Differentiating the first and then solving for F' and G' gives

$\displaystyle F'(x) = \cos x - x,\;\;\;G' = - x$.

Thus, $\displaystyle F(x) = \sin x - \frac{1}{2}x^2 + c_1,\;\;\;G(x) = - \frac{1}{2} x^2 + c_2$.

Finally, we have

$\displaystyle u = x^2 - c^2 t^2 + \sin(x+ct) - \frac{1}{2}(x+ct)^2 - \frac{1}{2}(x-ct)^2 =-2 c^2t^2 + \sin(x+ct) + c_1+c_2$

but imposing the first BC (1) gives $\displaystyle c_1+c_2 = 0$, so the final solution is

$\displaystyle u = -2 c^2t^2 + \sin(x+ct).$
• Aug 24th 2010, 04:20 AM
JoernE
Quote:

Originally Posted by Danny

$\displaystyle 4 u_{\xi \eta} = 4$ gives $\displaystyle u_{\xi \eta} = 1.$

Integrating twice gives

$\displaystyle u = \xi \eta + F(\xi) + G(\eta)$

or

$\displaystyle u = x^2 - c^2 t^2 + F(x+ct) + G(x-ct).$

Imposing the two boundary conditions gives

$\displaystyle x^2 + F(x) + G(x) = \sin x,\;\;\;(1)$
$\displaystyle cF'(x)-cG'(x) = c\cos x,\;\;\;(2)$.
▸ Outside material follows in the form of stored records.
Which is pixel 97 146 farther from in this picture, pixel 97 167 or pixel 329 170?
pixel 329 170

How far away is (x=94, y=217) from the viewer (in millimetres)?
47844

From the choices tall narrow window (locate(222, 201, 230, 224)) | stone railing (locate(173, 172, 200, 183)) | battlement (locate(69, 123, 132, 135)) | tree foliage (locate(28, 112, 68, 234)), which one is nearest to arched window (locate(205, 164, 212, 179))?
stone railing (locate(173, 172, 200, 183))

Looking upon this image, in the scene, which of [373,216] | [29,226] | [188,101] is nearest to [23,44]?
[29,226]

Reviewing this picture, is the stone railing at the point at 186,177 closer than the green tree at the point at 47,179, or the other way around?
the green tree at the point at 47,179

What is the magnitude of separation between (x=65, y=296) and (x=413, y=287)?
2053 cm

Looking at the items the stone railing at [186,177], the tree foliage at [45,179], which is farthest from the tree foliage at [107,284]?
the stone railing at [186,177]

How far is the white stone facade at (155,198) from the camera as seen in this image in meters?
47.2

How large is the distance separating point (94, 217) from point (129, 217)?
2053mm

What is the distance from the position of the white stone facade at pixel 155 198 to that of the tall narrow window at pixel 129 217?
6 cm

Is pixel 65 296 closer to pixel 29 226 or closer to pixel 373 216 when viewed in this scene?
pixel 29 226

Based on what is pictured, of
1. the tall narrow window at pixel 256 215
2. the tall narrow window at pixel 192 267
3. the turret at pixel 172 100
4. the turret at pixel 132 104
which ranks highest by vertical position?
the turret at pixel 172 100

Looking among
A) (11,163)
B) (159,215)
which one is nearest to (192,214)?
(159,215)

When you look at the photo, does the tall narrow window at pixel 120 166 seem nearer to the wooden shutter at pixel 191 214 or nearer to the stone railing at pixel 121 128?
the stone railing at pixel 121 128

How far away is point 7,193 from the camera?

Differentiating the first and then solving for F' and G' gives

$\displaystyle F'(x) = \cos x - x,\;\;\;G' = - x$.

Thus, $\displaystyle F(x) = \sin x - \frac{1}{2}x^2 + c_1,\;\;\;G(x) = - \frac{1}{2} x^2 + c_2$.

Finally, we have

$\displaystyle u = x^2 - c^2 t^2 + \sin(x+ct) - \frac{1}{2}(x+ct)^2 - \frac{1}{2}(x-ct)^2 =-2 c^2t^2 + \sin(x+ct) + c_1+c_2$

but imposing the first BC (1) gives $\displaystyle c_1+c_2 = 0$, so the final solution is

$\displaystyle u = -2 c^2t^2 + \sin(x+ct).$

Hi Danny,

I can't see where you've used d'Alembert's solution i.e.
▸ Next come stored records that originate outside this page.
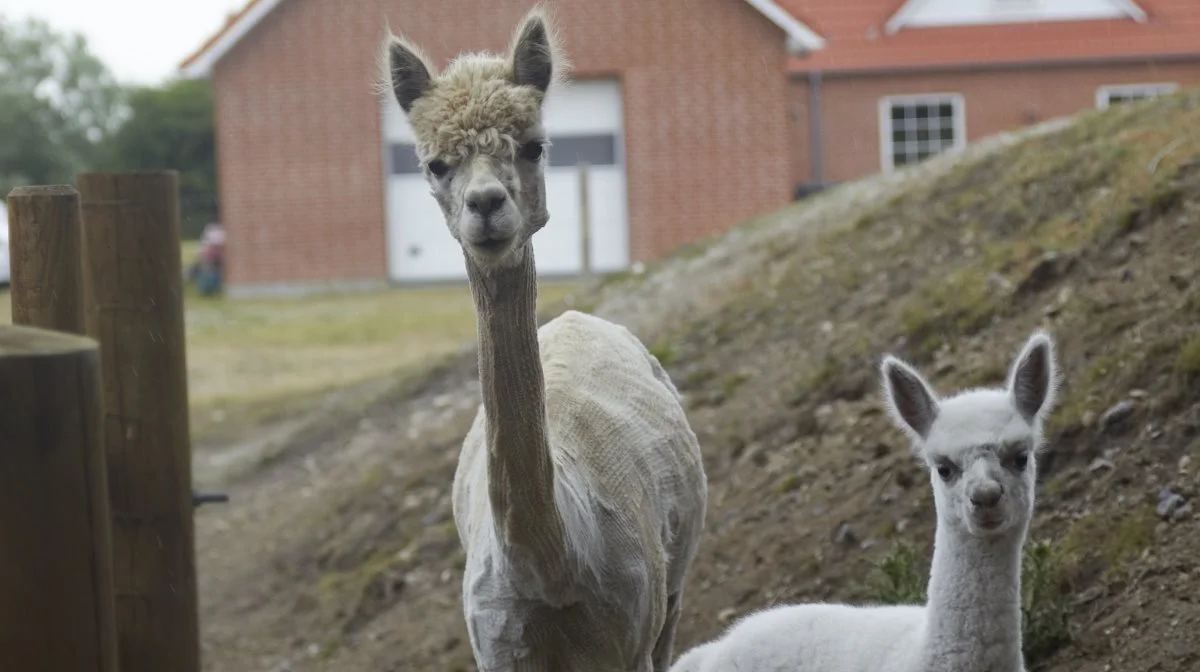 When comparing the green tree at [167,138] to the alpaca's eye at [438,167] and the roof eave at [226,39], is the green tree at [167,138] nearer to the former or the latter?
the roof eave at [226,39]

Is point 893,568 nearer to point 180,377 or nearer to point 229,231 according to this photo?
point 180,377

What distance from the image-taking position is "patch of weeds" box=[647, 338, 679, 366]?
11469 mm

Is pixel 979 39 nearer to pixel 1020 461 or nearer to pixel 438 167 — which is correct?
pixel 1020 461

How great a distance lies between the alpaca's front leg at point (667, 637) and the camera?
21.5 feet

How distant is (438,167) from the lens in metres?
4.71

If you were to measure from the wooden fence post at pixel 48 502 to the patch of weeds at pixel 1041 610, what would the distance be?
154 inches

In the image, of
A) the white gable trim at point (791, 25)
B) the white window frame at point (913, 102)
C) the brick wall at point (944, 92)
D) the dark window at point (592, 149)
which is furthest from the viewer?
the white window frame at point (913, 102)

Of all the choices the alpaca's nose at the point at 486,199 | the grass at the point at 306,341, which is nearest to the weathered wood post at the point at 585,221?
the grass at the point at 306,341

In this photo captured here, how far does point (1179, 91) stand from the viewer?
1193 centimetres

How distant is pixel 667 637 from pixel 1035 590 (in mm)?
1354

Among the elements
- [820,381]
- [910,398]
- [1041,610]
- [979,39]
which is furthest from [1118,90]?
[910,398]

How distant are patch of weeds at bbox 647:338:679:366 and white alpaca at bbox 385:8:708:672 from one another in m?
5.66

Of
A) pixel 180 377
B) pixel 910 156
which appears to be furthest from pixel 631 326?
pixel 910 156

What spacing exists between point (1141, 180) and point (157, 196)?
217 inches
$\displaystyle u(x,t) = \frac{1}{2} \big ( f (x + ct) + f(x - ct) \big ) + \frac{1}{2c} \int_{x-ct}^{x+ct} g(s) ds$

Could you please go into detail with each step? I really want to understand this.
• Aug 24th 2010, 05:34 AM
Jester
Quote:

Originally Posted by JoernE
Hi Danny,

I can't see where you've used d'Alembert's solution i.e.

$\displaystyle u(x,t) = \frac{1}{2} \big ( f (x + ct) + f(x - ct) \big ) + \frac{1}{2c} \int_{x-ct}^{x+ct} g(s) ds$

Could you please go into detail with each step? I really want to understand this.

I used it after making the change of variables. Let me derive my solution with the D'Alembert solution.

First the D'Alembert solution applies for

$\displaystyle u_{xx} - \frac{1}{c^2} u_{tt} = 0$

But your PDE has a nonhomogeneous term.

$\displaystyle u_{xx} - \frac{1}{c^2} u_{tt} = 4$

So we'll find a particlar solution - $\displaystyle u_p = -2c^2 t^2$ works. So let $\displaystyle u = v + u_p$ where now $\displaystyle v$ satisfies

$\displaystyle v_{xx} - \frac{1}{c^2} v_{tt} = 0$,

$\displaystyle v(x,0) = \sin x,\;\;\; v_t(x,0) = c\cos x$

D'Almbert solution

$\displaystyle v(x,t) = \frac{1}{2} \left( f (x + ct) + f(x - ct) \right) + \frac{1}{2c} \displaystyle \int_{x-ct}^{x+ct} g(s) ds$

and your IC's gives $\displaystyle f(x) = \sin x$ and $\displaystyle g(x) = c\cos x$

$\displaystyle v(x,t) = \frac{1}{2} \left( \sin (x + ct) + \sin(x - ct) \right) + \frac{1}{2c} \displaystyle \int_{x-ct}^{x+ct} c\cos(s) ds = \sin (x + ct)$

so

$\displaystyle u(x,t) = -2c^2t^2 + \sin(x+ct)$.
• Aug 25th 2010, 04:00 AM
JoernE
Quote:

so we'll find a particular solution $\displaystyle u_p = -2c^2 t^2$ works
Thanks again. I'm just curious how you arrive at this particular solution. I now understand the other parts.
• Aug 25th 2010, 04:35 AM
Jester
Quote:

Originally Posted by JoernE
Thanks again. I'm just curious how you arrive at this particular solution. I now understand the other parts.

Assume that $\displaystyle u = F(t)$ only and substitute into your PDE. You'll get an simple ODE for $\displaystyle F(t)$ from wich my particular solution will emerge. (Note - you can supress the constants of integration, it only makes things more complicated).